Un commentaire de ce deuxième examinateur vaut la peine d’être cité textuellement :
« Les auteurs [sic] soulignent à maintes reprises que “l’effondrement de la société induit par le climat est maintenant inévitable,” comme s’il s’agissait d’un fait… Je me suis demandé quelles seraient les implications sociales de présenter un scénario pour l’avenir comme une réalité inévitable, et quelle serait la responsabilité de la recherche dans la communication des scénarios du changement climatique et des stratégies d’adaptation. Comme le soulignent les auteurs, le déni est une réaction émotionnelle fréquente face à des situations perçues comme menaçantes et inévitables, ce qui mène à un sentiment d’impuissance, d’inadéquation et de désespoir et, en fin de compte, à un désengagement vis-à-vis du problème… »
C’est une perspective que j’examine en détail dans le présent document, car elle permet le déni. Elle reflète l’attitude hiérarchique autodestructrice à l’égard de la société qu’ont beaucoup d’entre nous, dans le monde universitaire comme dans celui de la durabilité, et qui nous pousse à censurer notre propre exploration d’un sujet en raison de ce que nous estimons devoir ou non être communiqué. Il existe à la fois des connaissances et des données empiriques sur l’impact de la communication concernant les catastrophes, et j’en discute dans le document.
Le traumatisme causé par l’évaluation de notre situation en matière de changements climatiques m’a amené à prendre conscience de certaines de mes préoccupations et tactiques passées et à les abandonner. Je réalise qu’il est temps d’accepter pleinement ma vérité telle que je la perçois, même si elle est partiellement formée et non encore polie pour une articulation plus large.
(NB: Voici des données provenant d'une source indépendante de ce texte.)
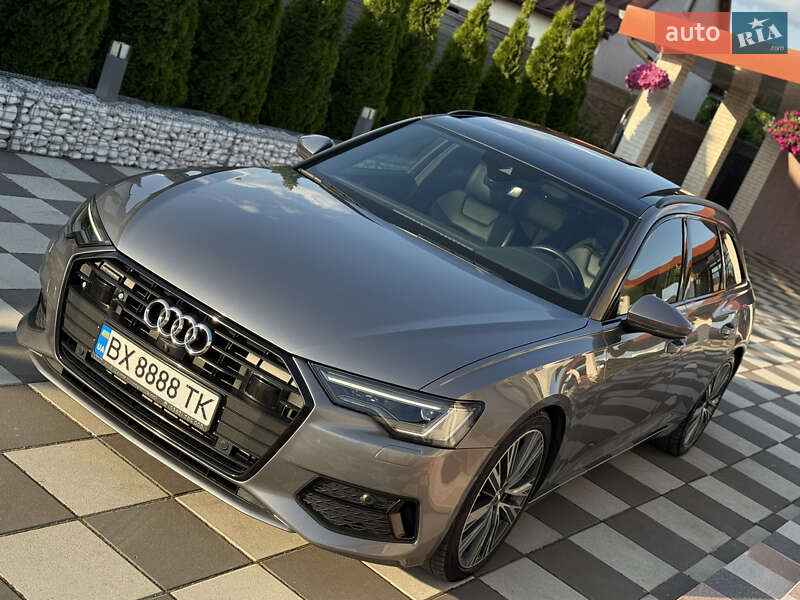 Универсал Audi A6 2018 в Одессе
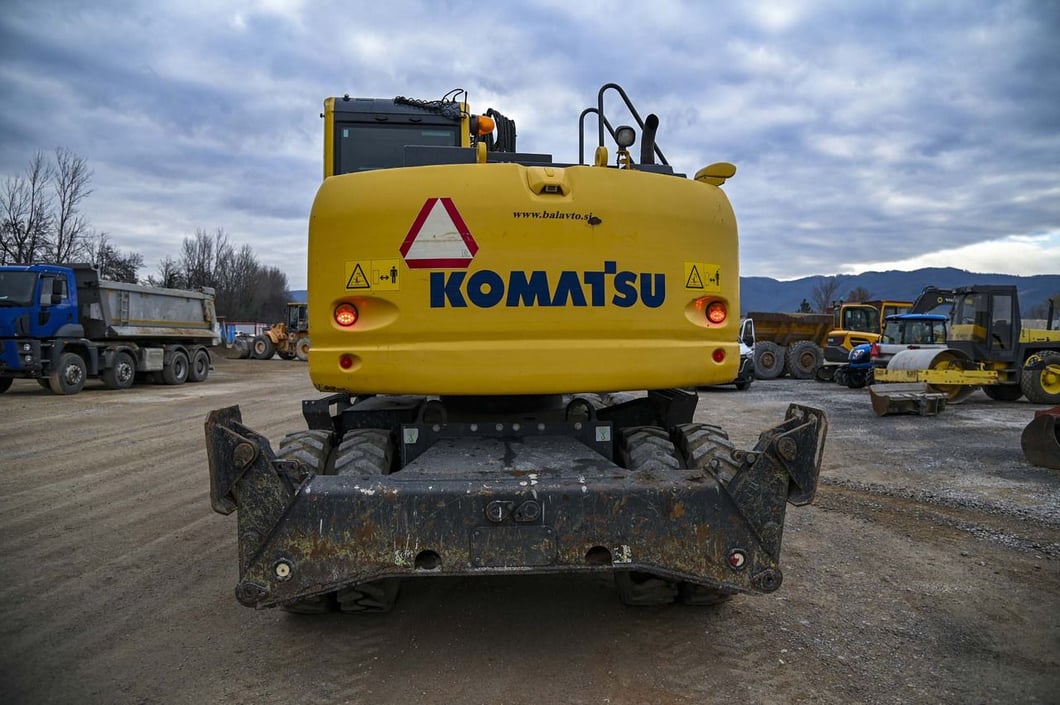 2018 Komatsu PW148-10 Wheel Excavator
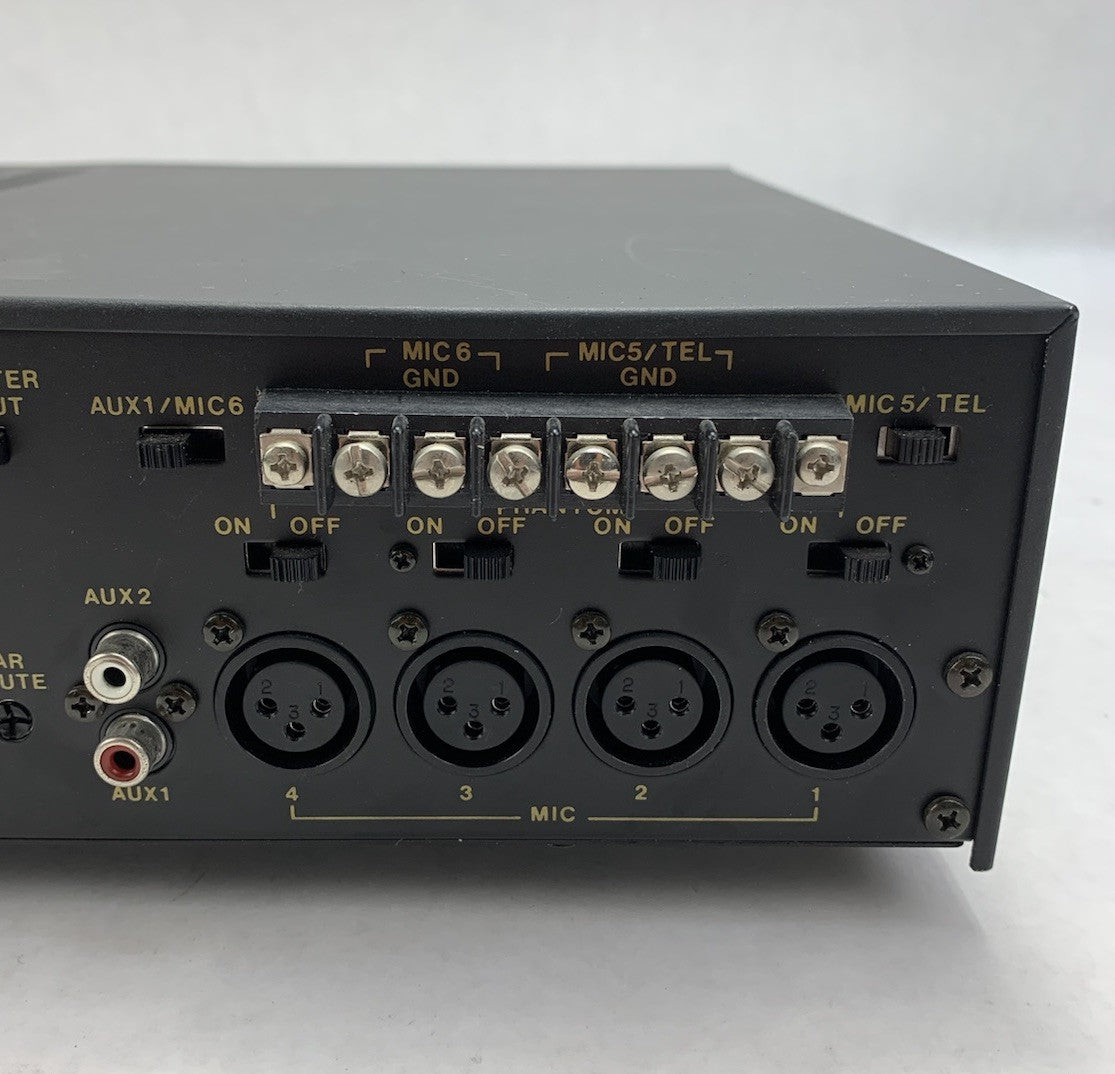Bogen GS-35 Gold Seal Series Public Address Amplifier - Tested9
Je sais que l’exercice académique suppose autant le processus d’emballer (wrapping up) la vérité que celui de la révéler. Nous enveloppons la vérité dans des disciplines, dans des méthodologies distinctes, loin du corps, loin de l’intuition, loin du collectif, loin du quotidien. Donc, comme c’est ma vérité, je souhaite agir en conséquence, et ne pas dissimuler cette analyse en l’échange d’un quelconque respect académique. Au lieu de cela, je veux la partager dès maintenant, comme un outil pour changer la qualité des conversations auxquelles j’ai besoin de participer.
Par conséquent, j’ai décidé de le publier simplement en tant que rapport de recherche de l’IFLAS.
Le processus m’a aidé à réaliser que je dois abandonner des activités qui ne me passionnent plus, dans ce que je vis comme un contexte radicalement nouveau. Je dois donc prendre du recul par rapport à l’équipe éditoriale de la revue. Merci de m’avoir impliqué, et félicitations d’être maintenant dans le top dix des revues d’affaires, de gestion et de comptabilité.
Veuillez transmettre mes remerciements aux examinateurs. Sur mon site ( www.jembendell.com), je vais présenter des liens vers des articles, des podcasts, des vidéos et des réseaux sociaux qui aident d’ores et déjà les gens à explorer et à faire face à un effondrement imminent (et même à l’extinction). Cela pourrait les intéresser.